20 khususnya pada daerah-daerah yang mengalami kapasitas fiskal rendah (Halim dalam Adi, 2007). Berdasarkan penjelasan tersebut dibentuklah hipotesis: H 2: Pertumbuhan ekonomi berpengaruh positif terhadap belanja modal. 2.9.3. Jumlah Penduduk dan Belanja Modal Menurut Direktorat Jenderal Perimbangan Keuangan Daerah, dalam evaluasi dana desentralisasi dan perekonomian daerah; Rasio belanja modal terhadap jumlah penduduk merupakan Rasio Belanja Modal per kapita menunjukkan seberapa besar belanja yang dialokasikan pemerintah untuk pembangunan infrastruktur daerah per penduduk. Rasio Belanja Modal per kapita memiliki hubungan yang erat dengan pertumbuhan ekonomi karena Belanja Modal merupakan salah satu jenis belanja pemerintah yang menjadi pendorong pertumbuhan ekonomi.

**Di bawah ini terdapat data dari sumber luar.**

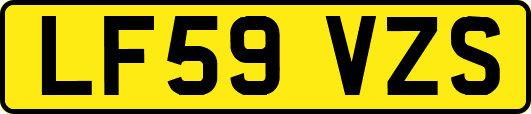 LF59VZS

Rasio ini bermanfaat untuk menunjukkan perhatian pemerintah dalam meningkatkan perekonomian penduduknya dari pembangunan infrastruktur yang dikeluarkan. Hasil penelitian tesis Akbar (2011) membuktikan bahwa secara simultan Pendapatan Asli Daerah, Dana Alokasi Umum, Jumlah Penduduk dan Pertumbuhan Ekonomi berpengaruh signifikan terhadap Belanja Daerah kabupaten/kota di Sumatera Utara dengan Adjusted R 2 sebesar 74,10%. Secara parsial variabel Pendapatan Asli Daerah, Dana Alokasi Umum dan Jumlah Penduduk berpengaruh signifikan terhadap Belanja Daerah. Berdasarkan penjelasan tersebut dibentuklah hipotesis: H 3: Jumlah Penduduk berpengaruh positif terhadap belanja modal.